Read the entries below and pull out each line with the string "that".

> Dataset content:
+--
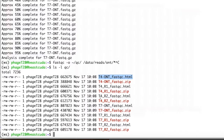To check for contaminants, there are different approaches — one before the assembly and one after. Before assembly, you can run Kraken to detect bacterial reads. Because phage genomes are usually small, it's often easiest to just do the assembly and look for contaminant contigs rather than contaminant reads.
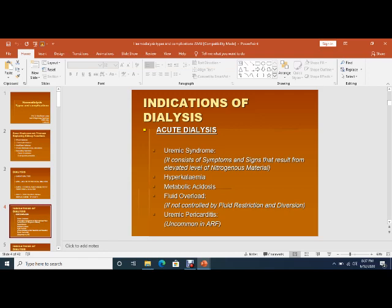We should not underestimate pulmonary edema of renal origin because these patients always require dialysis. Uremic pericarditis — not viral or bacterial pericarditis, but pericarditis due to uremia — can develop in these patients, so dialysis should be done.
+--
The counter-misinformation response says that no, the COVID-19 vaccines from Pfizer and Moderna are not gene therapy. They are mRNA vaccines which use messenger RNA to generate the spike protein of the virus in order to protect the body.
+--
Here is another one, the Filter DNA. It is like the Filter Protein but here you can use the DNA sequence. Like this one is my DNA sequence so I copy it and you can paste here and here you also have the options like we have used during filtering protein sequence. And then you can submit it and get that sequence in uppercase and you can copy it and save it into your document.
+--
> Answer:
The counter-misinformation response says that no, the COVID-19 vaccines from Pfizer and Moderna are not gene therapy. They are mRNA vaccines which use messenger RNA to generate the spike protein of the virus in order to protect the body.
Here is another one, the Filter DNA. It is like the Filter Protein but here you can use the DNA sequence. Like this one is my DNA sequence so I copy it and you can paste here and here you also have the options like we have used during filtering protein sequence. And then you can submit it and get that sequence in uppercase and you can copy it and save it into your document.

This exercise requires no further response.